[Caption-style text data]

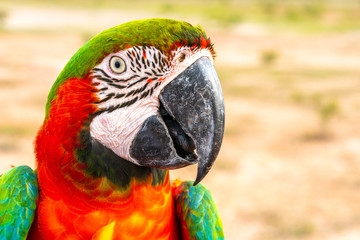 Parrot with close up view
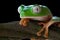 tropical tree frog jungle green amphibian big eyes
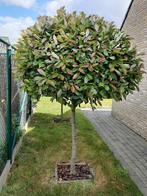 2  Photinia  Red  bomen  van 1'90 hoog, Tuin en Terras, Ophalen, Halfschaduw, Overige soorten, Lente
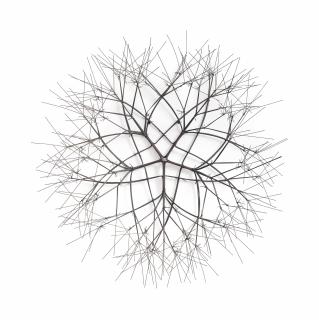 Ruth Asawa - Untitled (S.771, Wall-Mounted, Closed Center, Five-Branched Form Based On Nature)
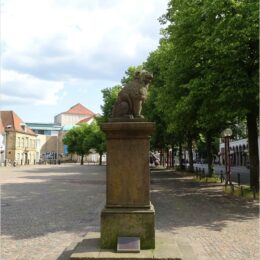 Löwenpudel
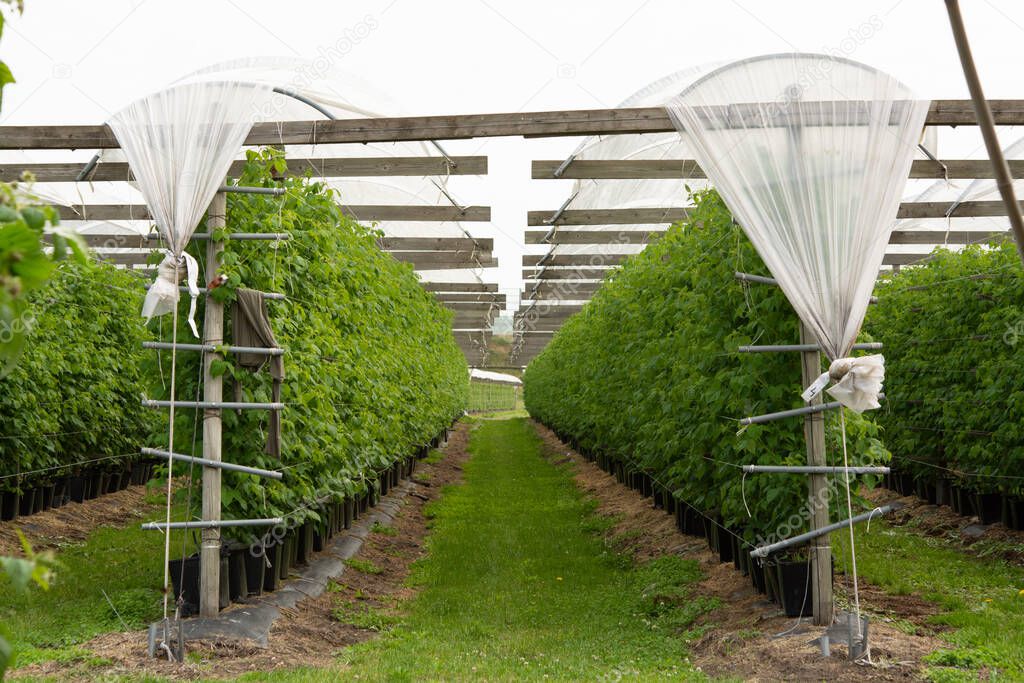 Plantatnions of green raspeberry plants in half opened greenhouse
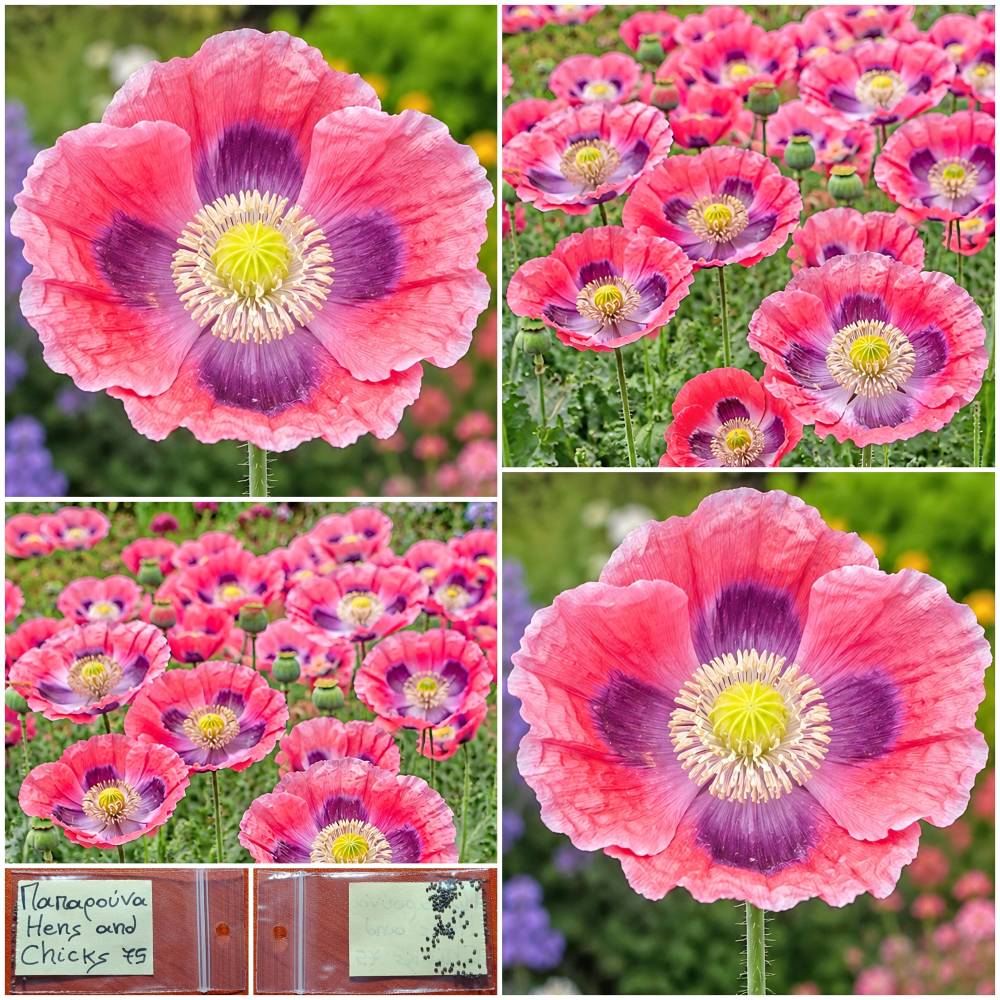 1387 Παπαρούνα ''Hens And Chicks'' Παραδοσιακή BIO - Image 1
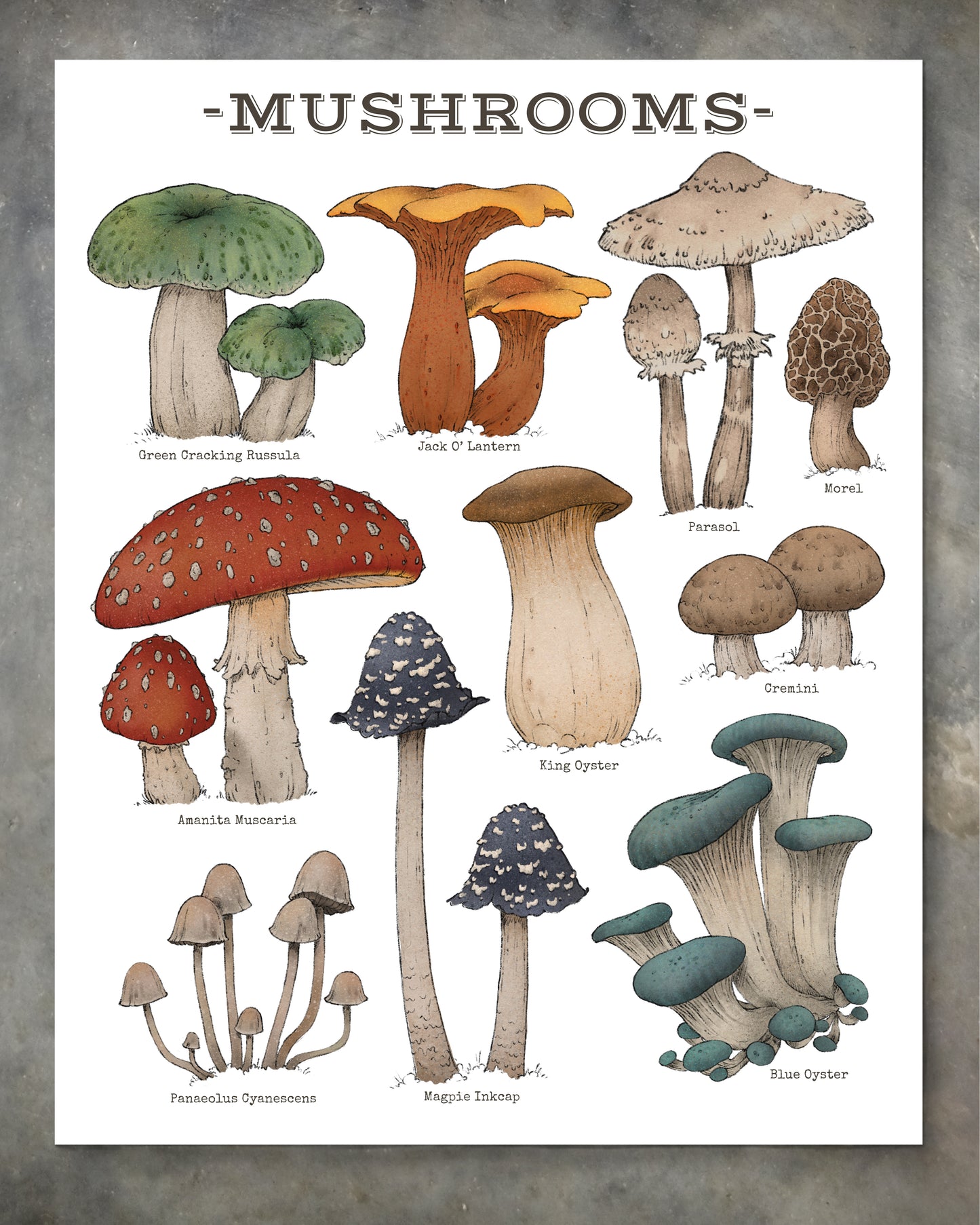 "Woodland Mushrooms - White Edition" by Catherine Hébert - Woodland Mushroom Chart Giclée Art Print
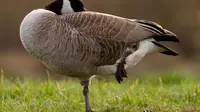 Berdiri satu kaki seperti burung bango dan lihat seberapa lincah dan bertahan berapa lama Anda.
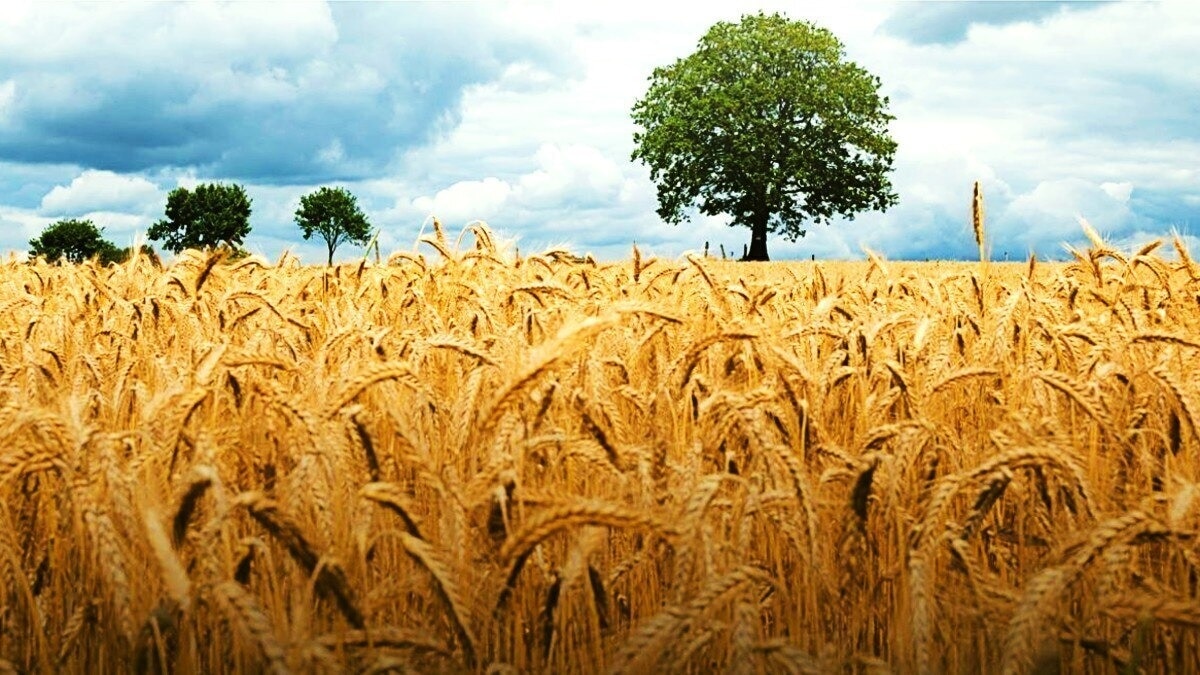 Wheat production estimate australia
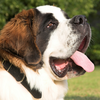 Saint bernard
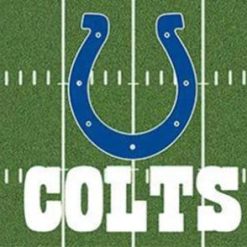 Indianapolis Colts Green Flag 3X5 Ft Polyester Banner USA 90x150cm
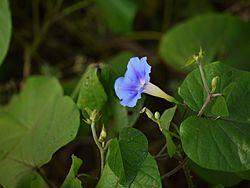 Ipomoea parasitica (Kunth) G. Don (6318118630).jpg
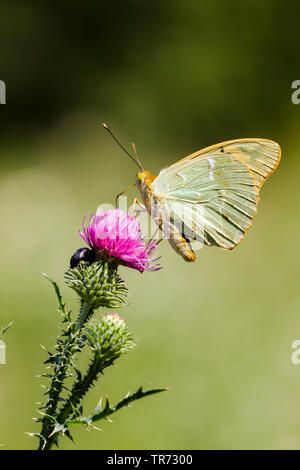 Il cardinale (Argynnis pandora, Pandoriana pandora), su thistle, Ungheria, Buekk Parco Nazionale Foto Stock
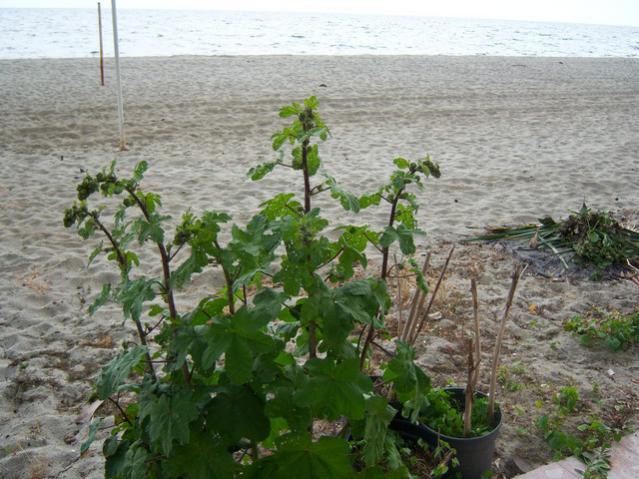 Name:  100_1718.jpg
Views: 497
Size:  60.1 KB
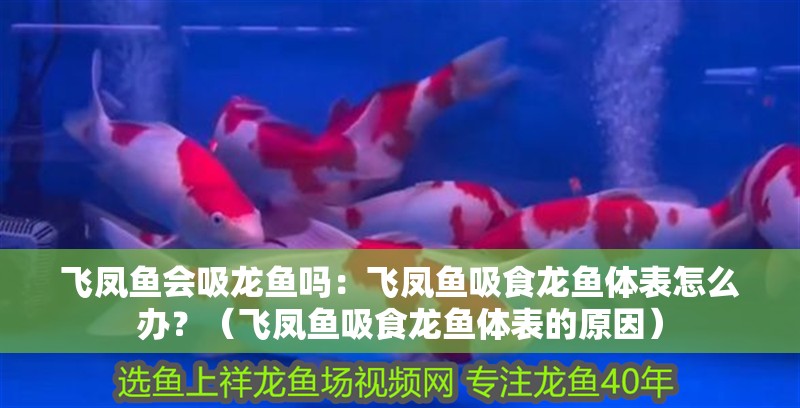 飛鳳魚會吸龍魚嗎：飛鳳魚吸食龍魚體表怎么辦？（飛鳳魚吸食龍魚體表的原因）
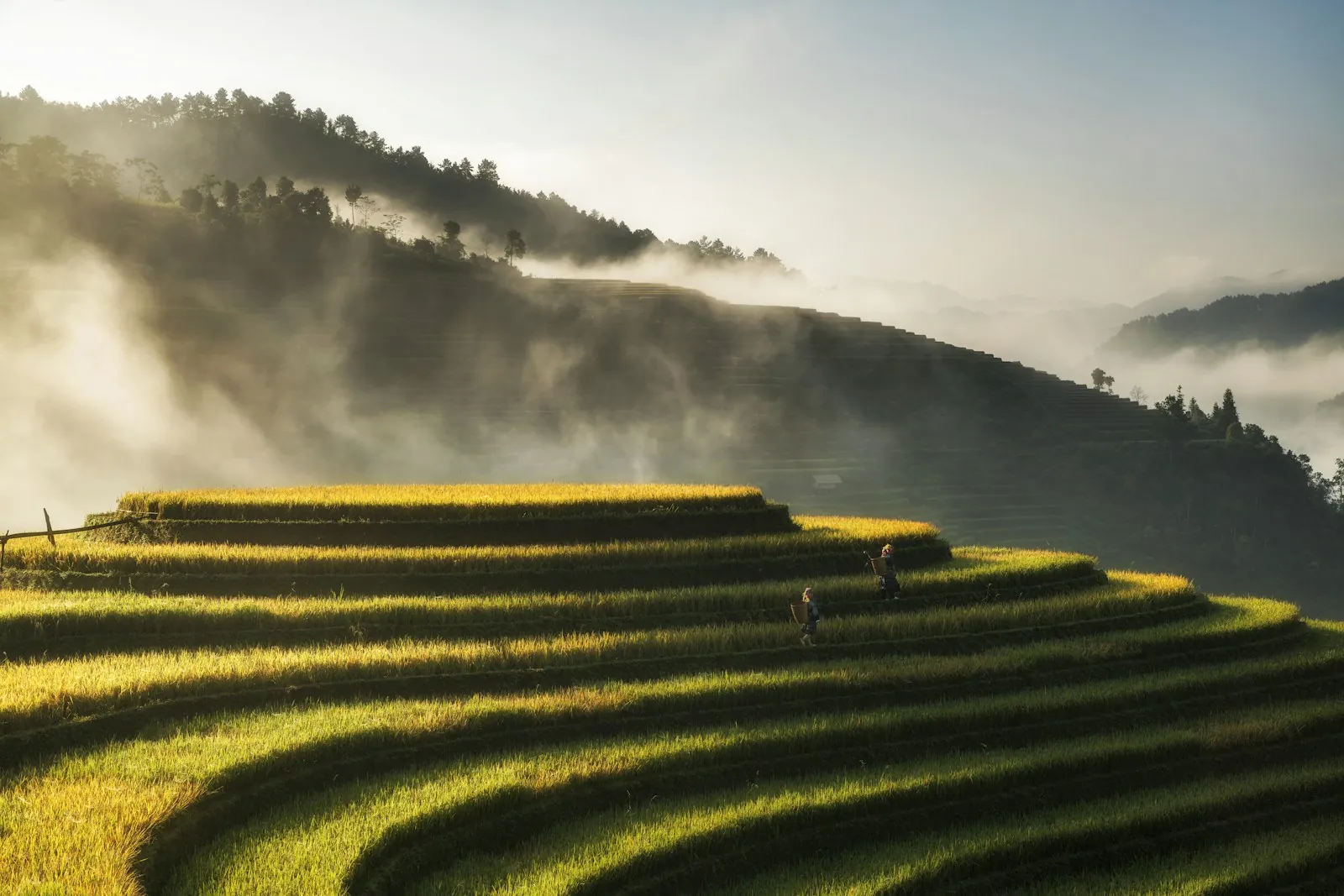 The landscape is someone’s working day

__Directions for this task__:
The reply should hold only the lines running from the top of the records to the line containing "Saint bernard", both included, copied exactly with no pictures.

__Reply__:
 Parrot with close up view
 tropical tree frog jungle green amphibian big eyes
 2  Photinia  Red  bomen  van 1'90 hoog, Tuin en Terras, Ophalen, Halfschaduw, Overige soorten, Lente
 Ruth Asawa - Untitled (S.771, Wall-Mounted, Closed Center, Five-Branched Form Based On Nature)
 Löwenpudel
 Plantatnions of green raspeberry plants in half opened greenhouse
 1387 Παπαρούνα ''Hens And Chicks'' Παραδοσιακή BIO - Image 1
 "Woodland Mushrooms - White Edition" by Catherine Hébert - Woodland Mushroom Chart Giclée Art Print
 Berdiri satu kaki seperti burung bango dan lihat seberapa lincah dan bertahan berapa lama Anda.
 Wheat production estimate australia
 Saint bernard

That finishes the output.